Germany and France will jointly spend €2.1m (£1.8m) to further research the provenance of African heritage objects in their national museums’ collections, which could prepare the ground for their eventual return.
A three-year fund, with contributions of €360,000 a year by each country, was launched in Berlin on Friday. It has been designated to fund research on objects from anywhere in sub-Saharan Africa, though priority is expected to be given to countries that were colonised by France and Germany, such as Togo and Cameroon.
“This is an experimental fund,” said Dr Julie Sissia, a researcher at the Centre Marc Bloch, a Franco-German research centre in Berlin that will administer the funds.
“We are launching it with the widest possible criteria, so that both small and biggest projects can apply.” The only requirement was that the projects were led by mixed French and German teams from the world of academia and museums, she said.

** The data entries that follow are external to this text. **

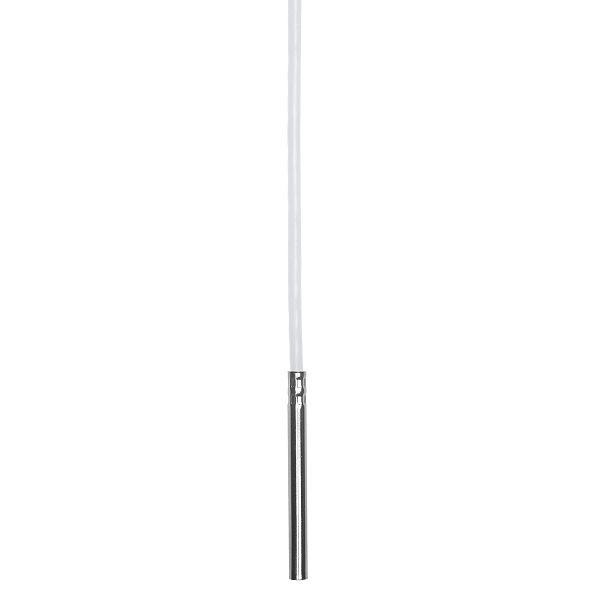 Thermomètre à résistance JUMO, câble PTFE 2,5m, 2xPt100 dl, 6x100mm, -50 à + 150°C, 00306449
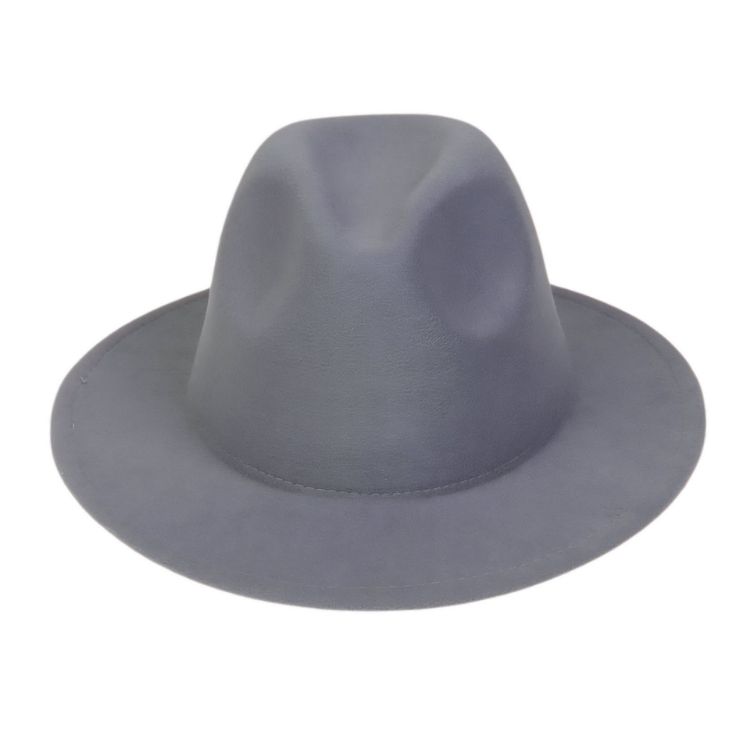 Picture of Felt Wide Brim Fedora Hat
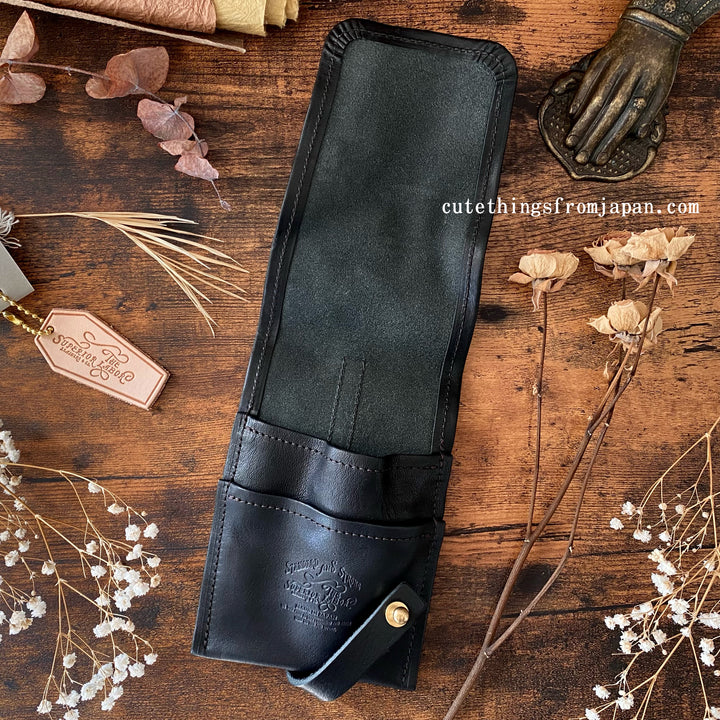 TSL Leather Tool Holder - Black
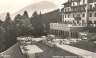 Südbahnhotel Semmering, Außenbereich mit Hallenbad, 1936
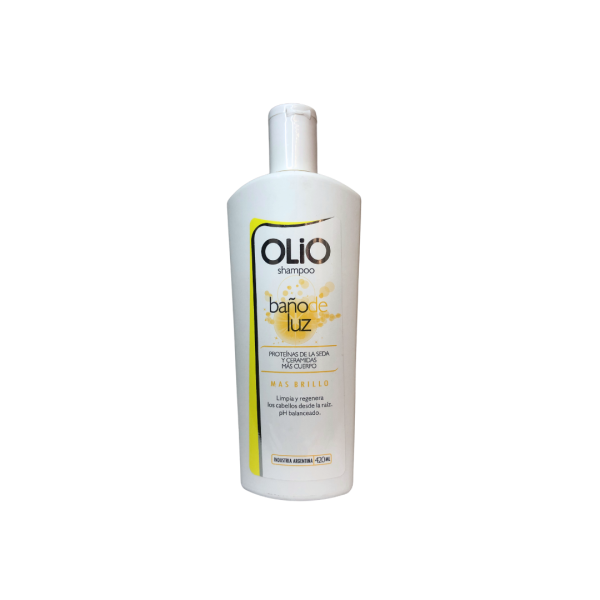 Olio Baño de Luz Shampoo 420ml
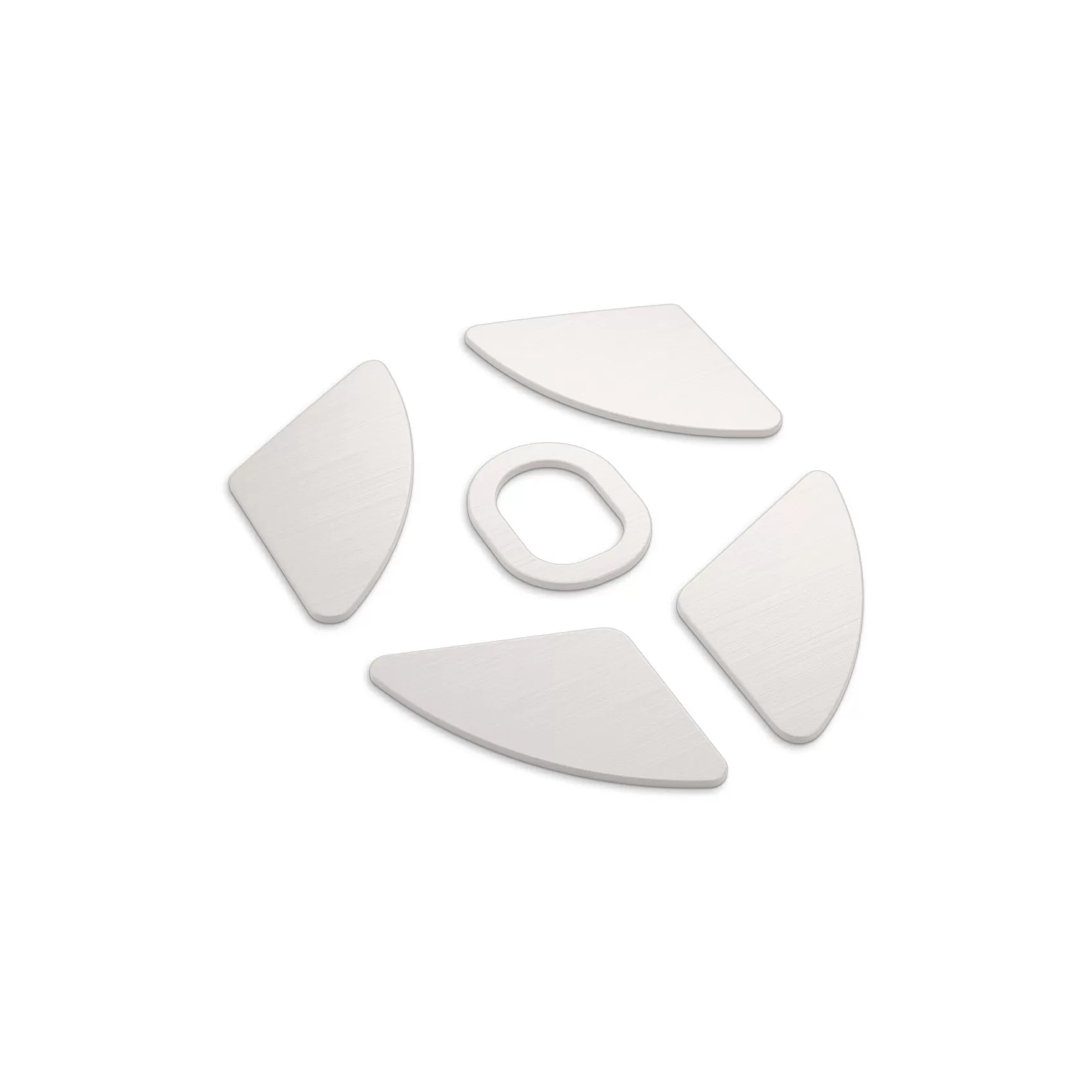 FeetGlide Skates for Corsair Sabre RGB Pro / Sabre RGB Pro Wireless (FG-145) - side view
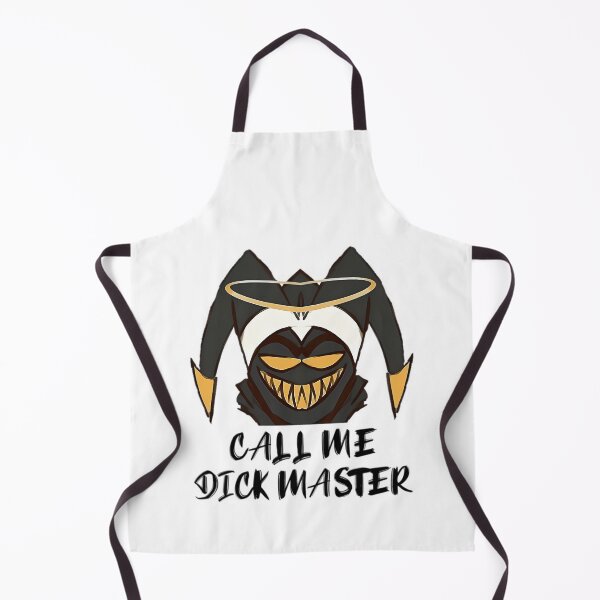 Item preview, Call Me Dick Master - Funny Hazbin Hotel Adam Quote designed and sold by MichasBenson.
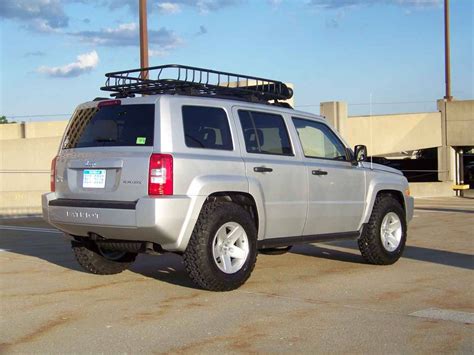 Trail Rated Jeep Patriot With Lift Kit And Tj Rims Jeep Patriot Jeep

A Europe-wide debate about the return of African heritage objects was set in motion when the French president, Emmanuel Macron, announced in 2017 that he would “do everything possible” to return some of Africa’s cultural heritage looted by colonial France.
In 2021, France returned 26 artefacts to Benin, but in recent years its efforts have stalled. A law on restitution of cultural property looted abroad, supposed to pass through parliament at the end of 2023, was stymied by the opposition.
In Germany the restitution project has gathered more momentum since. In November 2022, a German foundation funded the launch of the first comprehensive database of artefacts collectively known as the Benin bronzes, and a year later Germany’s foreign minister physically returned 21 bronzes to Nigeria.
Those bronzes were originally looted by British forces. By contrast, the handling of objects once taken from Germany’s own colonies poses a considerably greater challenge, in administrative as well as diplomatic terms.
First colonised by imperial Germany in the late 19th century, Cameroon was invaded and divided into administrative zones by Britain and France after the outbreak of the first world war. Most cultural objects of Cameroonian heritage held in European museums were taken during German colonial rule.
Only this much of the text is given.